Dear Yahoo Group Moderators and Members,

We launched Yahoo Groups 20 years ago to connect people around their shared interests. We helped our users navigate new towns, keep in touch with college friends, learn new skills, and most importantly, build connections they may have lost or never had in the first place. While we could not have been more proud of what we accomplished together, we are reaching out today with heavy hearts to let you know that we have decided to shut down Yahoo Groups on December 15, 2020.

Yahoo Groups has seen a steady decline in usage over the last several years. Over that same period we’ve witnessed unprecedented levels of engagement across our properties as customers seek out premium, trustworthy content. To that end, we must sometimes make difficult decisions regarding products that no longer fit our long-term strategy as we hone our focus on other areas of the business.
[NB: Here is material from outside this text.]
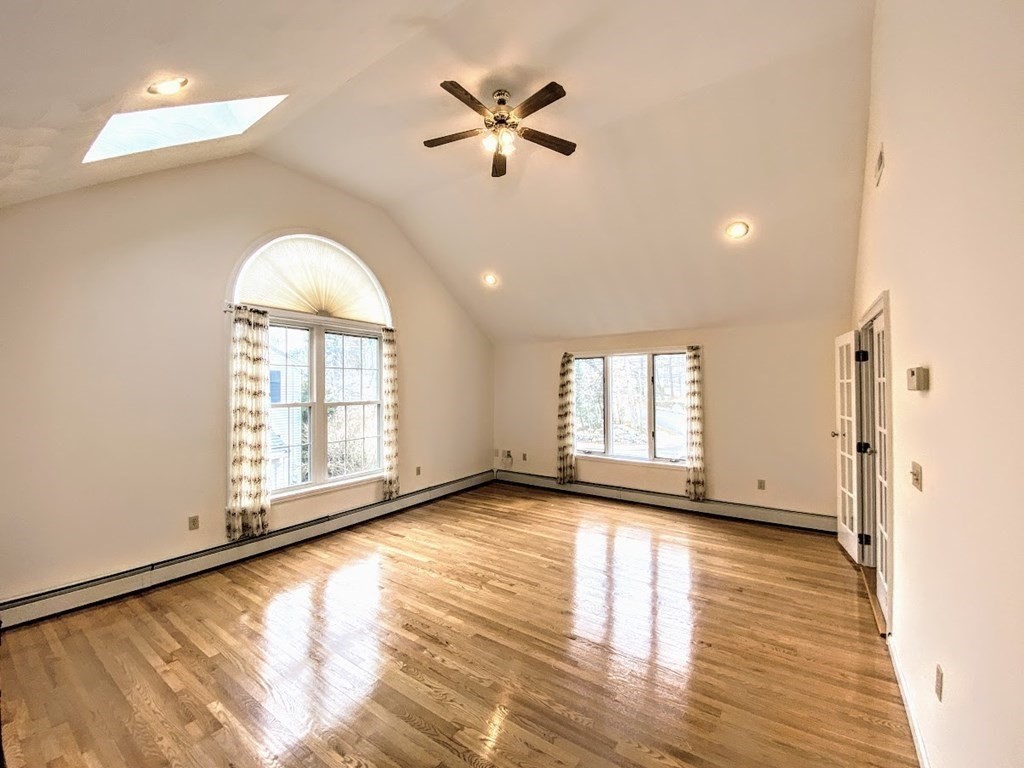 390 Marrett Road Lexington, MA 02421 - Photo 4 of 11 an empty room with wooden floor and windows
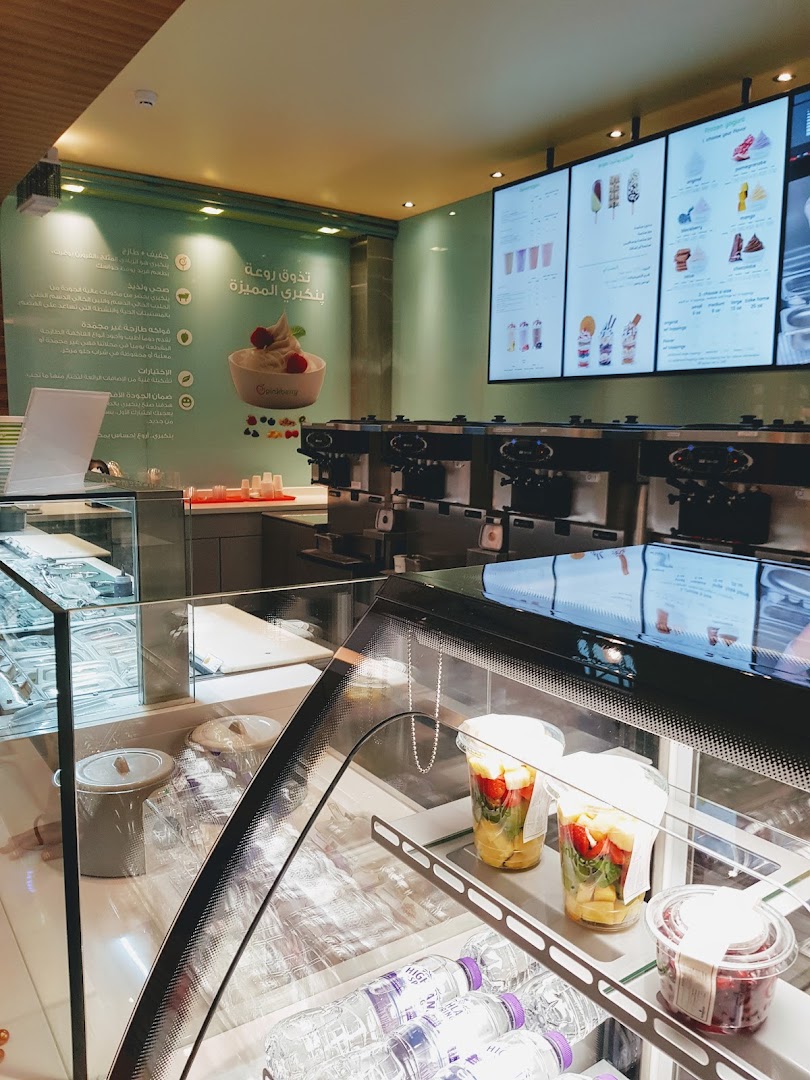 Interior view of a Pinkberry shop with frozen yogurt machines and a digital menu.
Beginning December 15, 2020 the Yahoo Groups website will shut down and members will no longer be able to send or receive emails from Yahoo Groups. We’ve compiled a comprehensive FAQ here that includes alternative providers and information on how this will impact your group content.

Thank you for helping us build one of the earliest digital communities — we’re proud and honored to have forged countless connections over the last 20 years and played a small part in helping build your communities.

Sincerely, The Yahoo Groups team

Yahoo disabled the creation of new groups already (on October 12, 2020), and will take the website offline on December 15, 2020. Users won't be able to send or receive new emails from Yahoo Groups anymore after the shutdown date.

According to Yahoo, the decision was made because of declining usage numbers of the service. Yahoo changed Yahoo Groups radically in the past years, and the decisions that were made played a role in the decline of users.

The last major change happened in 2019 when Yahoo decided to remove functionality and content from Yahoo Groups.

yahoo groups shutdown

Yahoo suggests four different services for its remaining users: Facebook Groups, Nextdoor, Google Groups, and Groups.io. The last option, Groups.io, may be of interest to Yahoo Groups administrators as it supports the importing of members from Yahoo Groups.

Administrators may export the list of users via Group's Page > Management > Manage Members > Actions Menu > Export.

Yahoo, which is owned by Verizon Media, is just a shadow of its former self even though some services, Yahoo Mail and Finance, are still available.

Now You: Have you used Yahoo Groups in the past? What is your take on the shutdown?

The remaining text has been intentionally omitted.